Data excerpts -
****************

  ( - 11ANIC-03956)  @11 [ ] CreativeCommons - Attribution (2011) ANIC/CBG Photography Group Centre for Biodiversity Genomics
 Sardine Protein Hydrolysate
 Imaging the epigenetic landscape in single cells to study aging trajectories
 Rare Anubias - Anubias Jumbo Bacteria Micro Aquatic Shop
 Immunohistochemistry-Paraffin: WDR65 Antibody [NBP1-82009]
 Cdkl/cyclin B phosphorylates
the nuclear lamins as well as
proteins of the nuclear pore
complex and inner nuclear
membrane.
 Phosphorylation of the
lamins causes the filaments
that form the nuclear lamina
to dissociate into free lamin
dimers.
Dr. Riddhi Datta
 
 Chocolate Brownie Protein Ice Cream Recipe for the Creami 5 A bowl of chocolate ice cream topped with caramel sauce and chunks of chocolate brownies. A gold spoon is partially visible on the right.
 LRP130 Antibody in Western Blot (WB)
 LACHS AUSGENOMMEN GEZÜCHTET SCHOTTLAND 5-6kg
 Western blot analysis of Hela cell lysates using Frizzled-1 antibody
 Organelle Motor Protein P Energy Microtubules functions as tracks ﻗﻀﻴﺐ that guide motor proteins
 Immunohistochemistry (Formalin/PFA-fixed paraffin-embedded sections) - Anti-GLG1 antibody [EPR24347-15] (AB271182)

****************

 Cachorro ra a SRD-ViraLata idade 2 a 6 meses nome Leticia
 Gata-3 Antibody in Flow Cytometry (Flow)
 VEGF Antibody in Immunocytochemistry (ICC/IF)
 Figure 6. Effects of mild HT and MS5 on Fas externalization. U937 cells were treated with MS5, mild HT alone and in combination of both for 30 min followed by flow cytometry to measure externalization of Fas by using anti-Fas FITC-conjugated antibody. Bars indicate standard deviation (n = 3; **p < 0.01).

****************

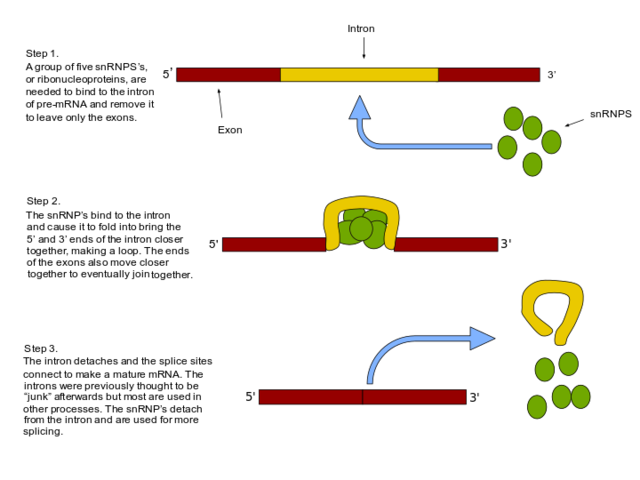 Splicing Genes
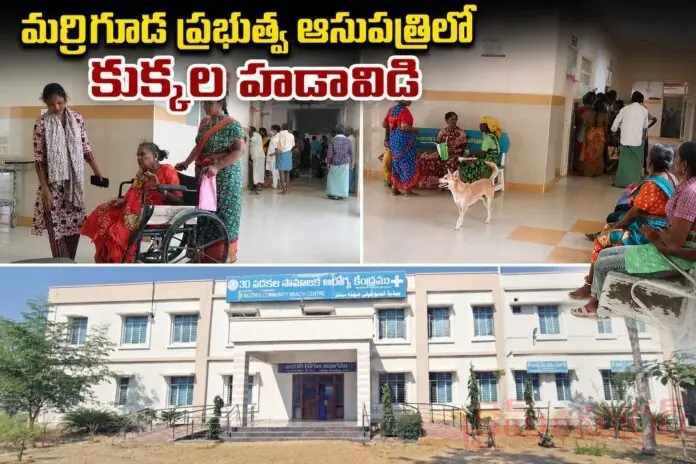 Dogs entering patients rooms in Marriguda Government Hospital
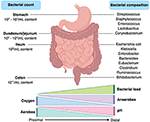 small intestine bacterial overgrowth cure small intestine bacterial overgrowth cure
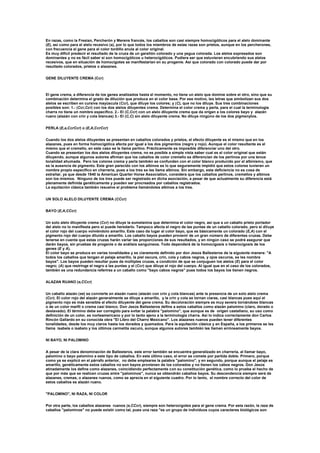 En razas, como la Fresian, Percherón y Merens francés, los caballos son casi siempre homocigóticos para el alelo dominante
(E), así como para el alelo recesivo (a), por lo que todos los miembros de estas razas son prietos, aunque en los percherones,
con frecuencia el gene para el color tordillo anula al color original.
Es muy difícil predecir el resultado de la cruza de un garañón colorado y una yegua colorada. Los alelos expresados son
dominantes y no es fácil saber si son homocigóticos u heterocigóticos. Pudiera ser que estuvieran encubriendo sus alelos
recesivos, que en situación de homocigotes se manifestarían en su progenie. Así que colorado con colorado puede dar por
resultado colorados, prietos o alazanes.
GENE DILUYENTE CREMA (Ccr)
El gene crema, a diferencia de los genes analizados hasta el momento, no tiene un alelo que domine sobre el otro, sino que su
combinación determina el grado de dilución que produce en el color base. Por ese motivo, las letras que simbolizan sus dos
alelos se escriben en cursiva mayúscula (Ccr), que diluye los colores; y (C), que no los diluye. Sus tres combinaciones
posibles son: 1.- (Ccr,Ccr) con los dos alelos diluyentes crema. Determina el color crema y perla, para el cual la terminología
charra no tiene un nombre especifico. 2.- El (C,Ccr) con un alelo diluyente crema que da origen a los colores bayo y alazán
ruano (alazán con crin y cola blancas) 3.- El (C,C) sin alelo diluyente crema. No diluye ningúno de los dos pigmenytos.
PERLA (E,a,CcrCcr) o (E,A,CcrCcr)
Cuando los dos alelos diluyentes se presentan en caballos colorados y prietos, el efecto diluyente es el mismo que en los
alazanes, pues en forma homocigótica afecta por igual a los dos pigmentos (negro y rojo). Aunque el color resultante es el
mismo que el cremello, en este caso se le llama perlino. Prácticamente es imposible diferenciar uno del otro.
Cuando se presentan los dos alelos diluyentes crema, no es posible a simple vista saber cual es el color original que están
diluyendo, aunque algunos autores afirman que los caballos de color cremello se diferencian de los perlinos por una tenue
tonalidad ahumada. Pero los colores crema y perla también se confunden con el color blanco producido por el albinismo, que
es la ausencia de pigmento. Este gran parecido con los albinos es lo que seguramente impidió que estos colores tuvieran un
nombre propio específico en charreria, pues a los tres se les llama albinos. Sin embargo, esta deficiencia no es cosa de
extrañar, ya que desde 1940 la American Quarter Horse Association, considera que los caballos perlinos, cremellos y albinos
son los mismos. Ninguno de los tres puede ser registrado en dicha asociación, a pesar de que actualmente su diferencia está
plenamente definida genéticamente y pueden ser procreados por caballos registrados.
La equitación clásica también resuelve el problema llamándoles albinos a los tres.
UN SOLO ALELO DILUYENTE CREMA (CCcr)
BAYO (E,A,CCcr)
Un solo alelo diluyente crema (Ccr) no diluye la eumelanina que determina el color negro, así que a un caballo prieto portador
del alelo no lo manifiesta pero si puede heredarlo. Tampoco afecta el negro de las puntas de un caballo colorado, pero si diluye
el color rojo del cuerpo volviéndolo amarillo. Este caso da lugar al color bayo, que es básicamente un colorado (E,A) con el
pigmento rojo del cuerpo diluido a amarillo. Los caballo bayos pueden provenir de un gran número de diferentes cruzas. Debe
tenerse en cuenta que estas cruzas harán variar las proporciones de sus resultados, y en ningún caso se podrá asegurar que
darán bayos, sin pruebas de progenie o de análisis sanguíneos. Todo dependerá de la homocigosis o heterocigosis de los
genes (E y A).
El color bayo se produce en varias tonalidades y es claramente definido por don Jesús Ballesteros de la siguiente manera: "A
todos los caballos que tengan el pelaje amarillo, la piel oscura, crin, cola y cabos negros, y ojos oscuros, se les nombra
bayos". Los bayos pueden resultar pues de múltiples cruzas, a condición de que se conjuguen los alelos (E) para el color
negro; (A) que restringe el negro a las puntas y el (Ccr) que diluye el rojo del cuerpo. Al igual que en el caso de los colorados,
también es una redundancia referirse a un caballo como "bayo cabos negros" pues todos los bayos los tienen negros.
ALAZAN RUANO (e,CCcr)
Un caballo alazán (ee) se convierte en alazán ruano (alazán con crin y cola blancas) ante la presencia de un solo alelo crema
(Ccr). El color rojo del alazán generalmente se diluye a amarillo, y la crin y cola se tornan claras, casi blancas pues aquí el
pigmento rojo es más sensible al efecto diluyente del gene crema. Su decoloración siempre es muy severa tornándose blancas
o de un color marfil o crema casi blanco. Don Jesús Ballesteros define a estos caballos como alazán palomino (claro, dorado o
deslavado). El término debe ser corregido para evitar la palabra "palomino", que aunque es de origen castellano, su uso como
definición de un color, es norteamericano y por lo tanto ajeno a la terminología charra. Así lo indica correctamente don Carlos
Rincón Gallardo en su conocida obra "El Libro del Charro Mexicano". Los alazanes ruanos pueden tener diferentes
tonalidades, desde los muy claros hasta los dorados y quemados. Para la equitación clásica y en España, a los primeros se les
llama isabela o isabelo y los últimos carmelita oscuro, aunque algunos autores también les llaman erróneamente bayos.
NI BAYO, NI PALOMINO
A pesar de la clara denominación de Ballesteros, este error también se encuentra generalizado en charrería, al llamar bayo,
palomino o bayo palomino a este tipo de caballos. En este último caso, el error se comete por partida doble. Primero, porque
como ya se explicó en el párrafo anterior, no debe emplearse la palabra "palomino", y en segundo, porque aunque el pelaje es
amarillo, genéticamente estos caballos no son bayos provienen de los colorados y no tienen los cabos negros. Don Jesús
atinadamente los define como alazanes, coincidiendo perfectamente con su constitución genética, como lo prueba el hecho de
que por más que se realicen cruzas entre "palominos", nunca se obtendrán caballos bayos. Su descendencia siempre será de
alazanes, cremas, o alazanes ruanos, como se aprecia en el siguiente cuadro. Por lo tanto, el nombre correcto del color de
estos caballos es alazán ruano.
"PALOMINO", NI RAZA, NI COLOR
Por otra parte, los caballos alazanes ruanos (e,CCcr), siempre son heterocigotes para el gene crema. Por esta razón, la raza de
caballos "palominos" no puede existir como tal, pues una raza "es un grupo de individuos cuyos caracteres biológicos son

****************

Instructions to follow -
The listing above holds a line with "La equitación clásica también" and a line with "Un solo alelo diluyente crema (Ccr)". Print the stretch from the first through the second, exactly and alone.

Solved exercise -
La equitación clásica también resuelve el problema llamándoles albinos a los tres.
UN SOLO ALELO DILUYENTE CREMA (CCcr)
BAYO (E,A,CCcr)
Un solo alelo diluyente crema (Ccr) no diluye la eumelanina que determina el color negro, así que a un caballo prieto portador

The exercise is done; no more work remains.